In 2015, INFORMS awarded Chevron its Best Analytics and Operations Research award for integrating advanced analytics into company operations. Blending sophisticated GIS data with distributed sensor networks and remote monitoring platforms in what the company calls the “i-field” digital oil field allows the company to boost recovery and production rates from 6 to 8 percent.
Facebook
Facebook primarily stores your data… or at least data about you, and all your friends, and all their friends. That includes conversations, likes and dislikes, pictures, music, and videos. It takes a lot of space but it also represents the largest part of value in the company, which is designed to figure out what makes you tick so it can help other companies sell you stuff.

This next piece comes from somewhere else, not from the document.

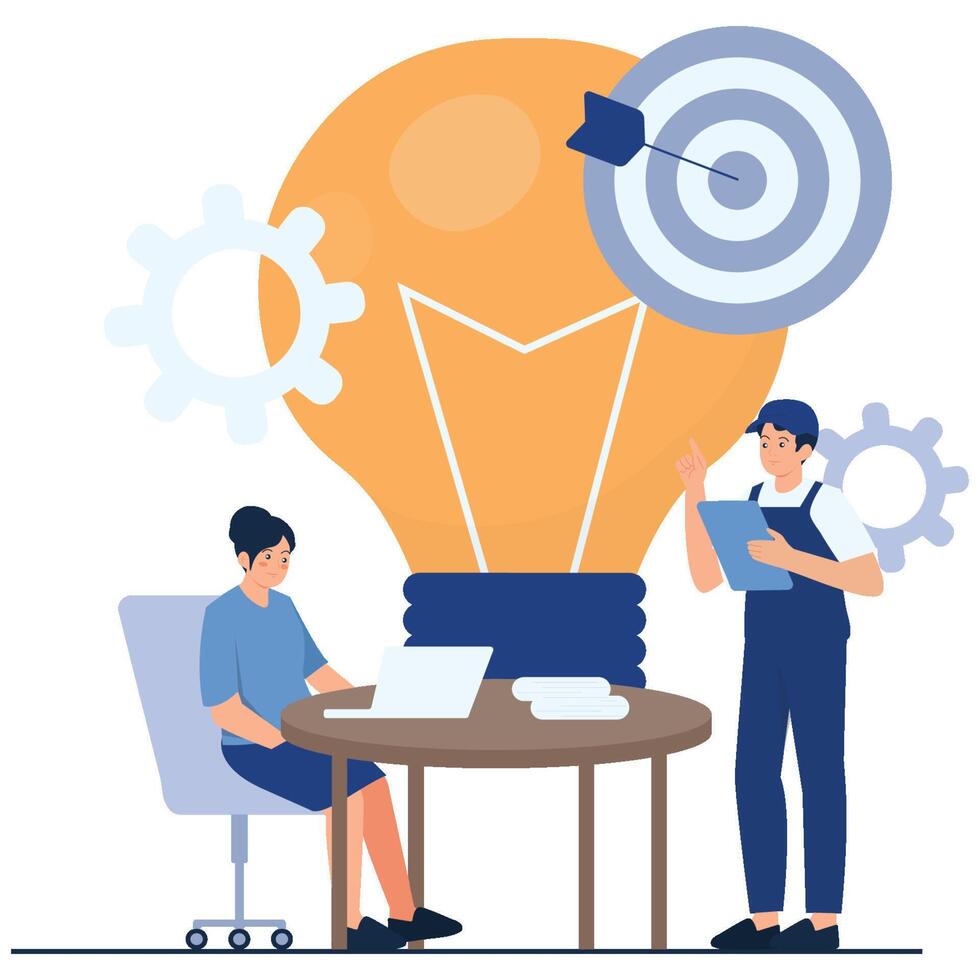 Team brainstorming around light bulb concept vector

The popularity of the platform has had the company building out new data centers like crazy and you can bet they are filling them up just as fast; in 2014, users uploading 30 billion items of content each day had amassed over 300 petabytes of data in the Facebook data warehouse.
Microsoft
Microsoft is seen in some circles as a has-been in cutting edge computing, but the Redmond, Washington-based company remains a giant in the big data world. SQL Server has been sitting at number 3 on the db-engines.com ranking, but experienced a resurgence in popularity in 2017 that ensures it remains a tool of choice for data scientists in every field.
Meanwhile, the company has quietly been moving into the cloud space with its Azure offering, and dragging users along with it on the Software as a Service Office 365 platform. The company hit the million server mark in 2013 and shows no signs of slowing down with its big data bet.
Amazon
Close behind Google is Amazon, amassing data not only on millions of products, but also on the people buying those products. Forays into online video and cloud storage have further upped the total amount of information stored in Amazon data centers.
Storing not only their own data but much of the operating data and data storage structure for other big data players like Netflix and Airbnb boosts the number enormously. The company had more than 450,000 servers deployed as of 2016.
Alphabet
Google’s parent company doesn’t just own the biggest Internet company in the world, which by itself houses the largest streaming video site, largest online document storage, and largest webmail service… they also own other big data plays like Nest and Waymo.
This easily makes Alphabet the biggest of the big data firms. Estimates for the total size of data stored under its auspices are somewhere in the order of around 15 exabytes.